Song by Cannibal Corpse

from the album The Bleeding
- Released: 1994
- Studio: Morrisound Recording
- Genre: Death metal
- Length: 3:30
- Label: Metal Blade Records
- Composer: Cannibal Corpse
- Lyricist: Chris Barnes
- Producer: Scott Burns

= Staring Through the Eyes of the Dead =

"Staring Through the Eyes of the Dead" is a song by American death metal band Cannibal Corpse, released in 1994 as the opening track from their fourth studio album The Bleeding. It is considered one of the band's classic tracks, and is a staple of their live sets.

== Composition and lyrics ==
The song is considered to be more mature and structured than the songs on Tomb of the Mutilated.

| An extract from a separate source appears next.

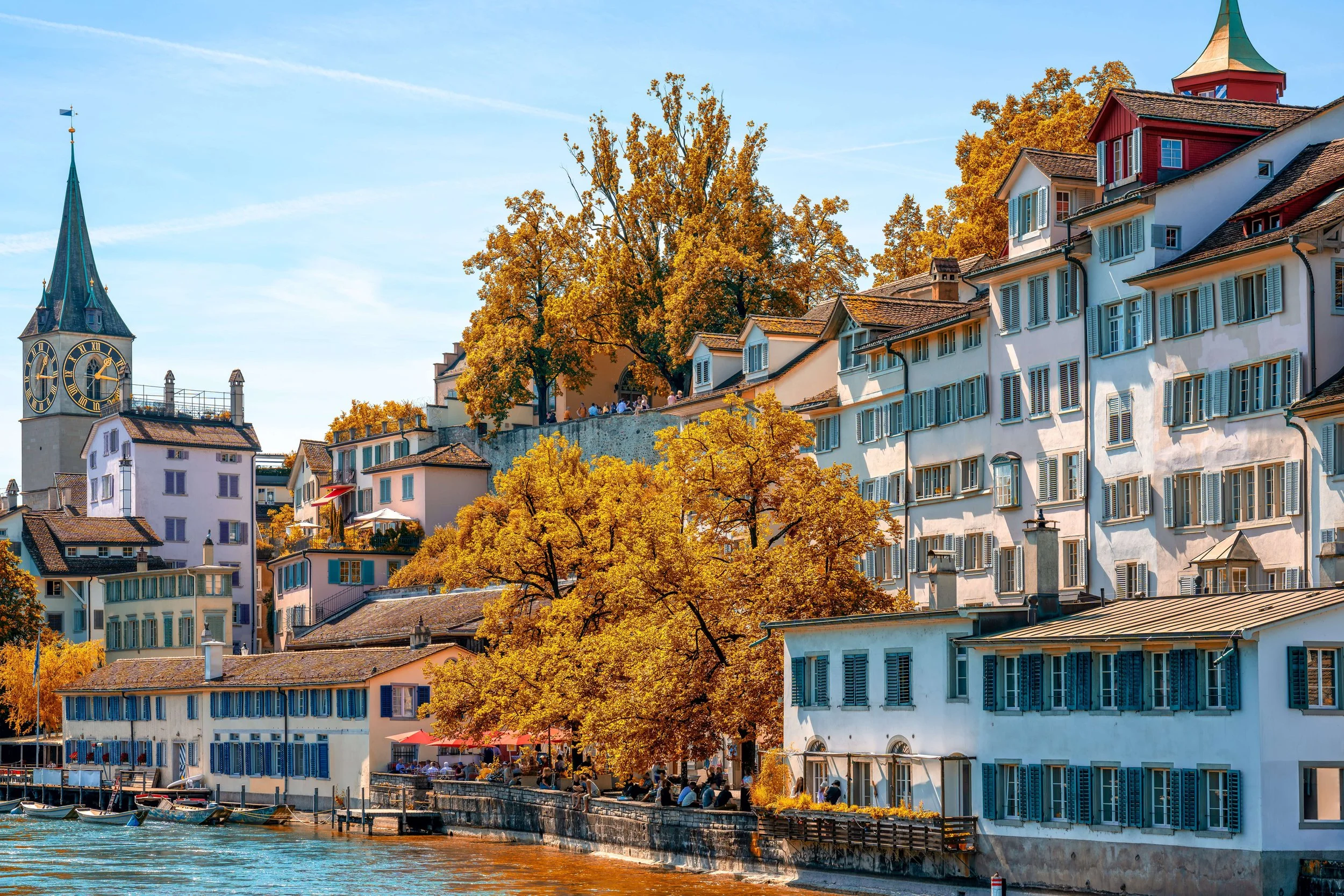 Luxury property Switzerland — seller mandate real estate advisory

Greg Pratt of Decibel said the song "established that this album was going to be just as brutal as the band’s first three but that something is different: there’s a bit of breathing room, there’s a touch of maturity (the good kind), there’s a sense of... song. Song? Song!" The song's bridge features a prominent bass guitar groove.

Loudwire said the song is about "being a guy who’s alive but everybody thinks is dead. Like Abe Vigoda!"

== Music video ==
A music video was produced for the song, which was the first in the band's career. The video aired on MTV several times. The video was featured in an episode of Beavis and Butt-Head, where one of the protagonists gives the commentary: "If these guys practiced their instruments as much as they practiced shaking their hair around, they'd be, like, pretty good, probably."